Thai & Chinese heritage

華僑3世の両親の間に生まれた、華僑4世のタイ・チャイニーズ。

Born in Bangkok, I’m a 4th gen Chinese Thai.

Japanese spirit

生後2ヶ月で日本へ。無意識の内に日本文化に触れる。

Moved to Japan when I was 2 month old. My Japanese runs deep into my blood.

American Pop

小学校から神戸のアメリカンスクールへ通う。黒船当来如く押し寄せて来た西洋文化に晒され圧倒される。西洋vs東洋、男vs女、富裕層vs平民などの差別に戸惑い怒りながらも世界中の人との交流出来た事が大きな宝。

Brought up in an international school in a port city of Kobe. As a kid, was taken back by the western culture at school and I questioned everything. East vs West, Male vs Female, Rich vs Poor, experienced so many discrimination since kid but this diverse environment really made me able to interact with people from all over the world.

Art Education

バブル経済に浮かれていた日本に違和感を感じていた。自分の中で消化不良になっていた環境への苛立ちをアートに向ける事でバランスをとっていた。大学も自ずと美大を選択しアメリカへ留学。神戸とは別次元の世界中の人との交流。美術のエリートさ加減に打ちのめさせられつつ、リベラルでお互いを尊重し広げようとする環境に大いに刺激を受ける。絵を描くために美大に行ったのですが、それ以上に絵を描く前の心構え、世の中をどう見据えて、アートを通じて何を表現するか、そう言う基礎的な事を学びました。

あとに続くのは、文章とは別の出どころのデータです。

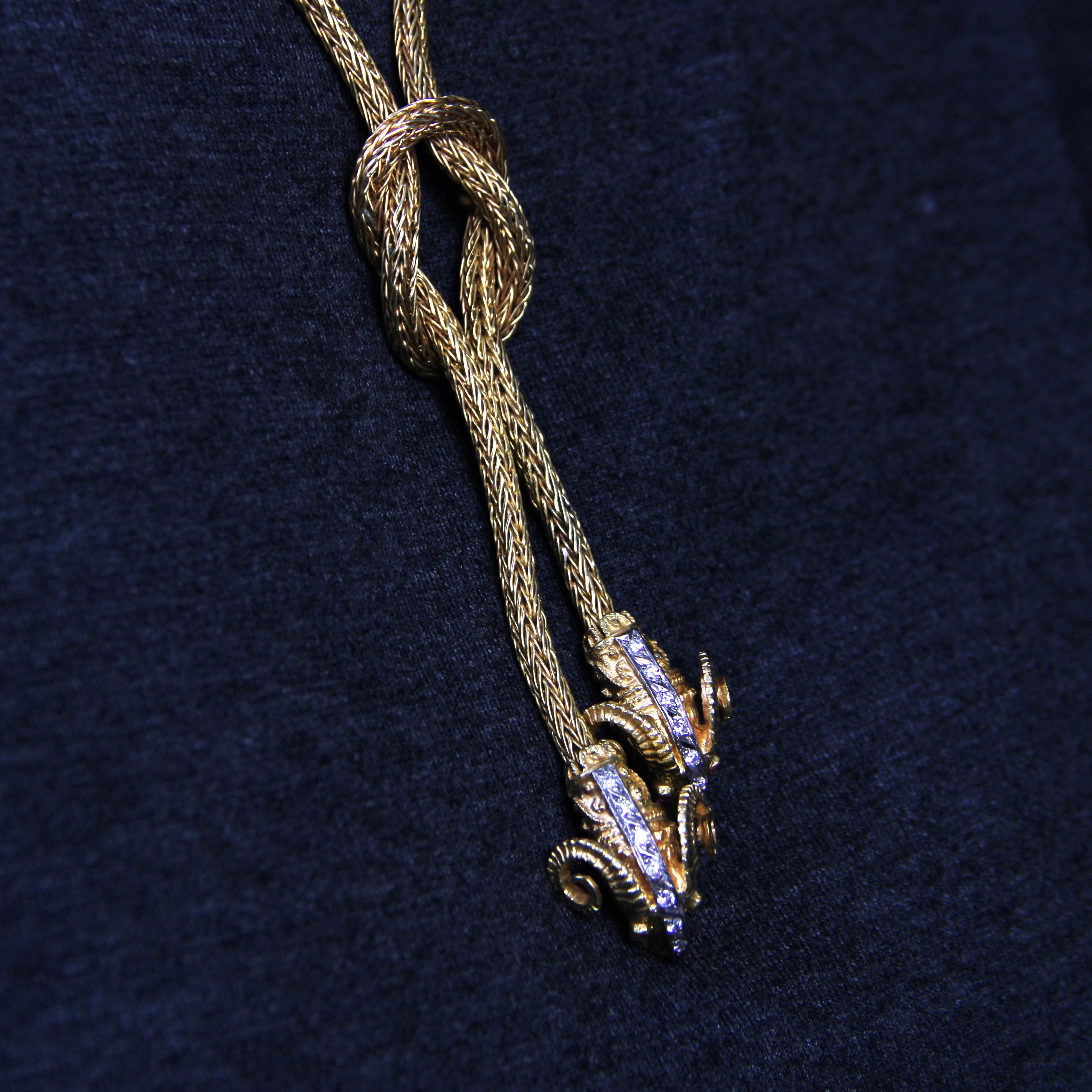 Collier moderne nœud de bélier en or jaune 18 carats, diamants et rubis en vente 8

While deciding my path for the further education, Japan was experiencing surge of economy. People was overly dressed up in brand name cloth, large budget project where popping up and the whole surreal feeling made me felt lost. My only passion was art and I chose to go to an art school in the states. I luckily got into one of the best school in the state but soon blown away by my elite classmates. I still wish I was more mature and experience when I enrolled the school. During my four years in art school, my view toward the world had completely flipped. The frustration I had while in high school, living in bubbly Japan had been blown away. Learning what it is to be an artist really made my heart sing with joy.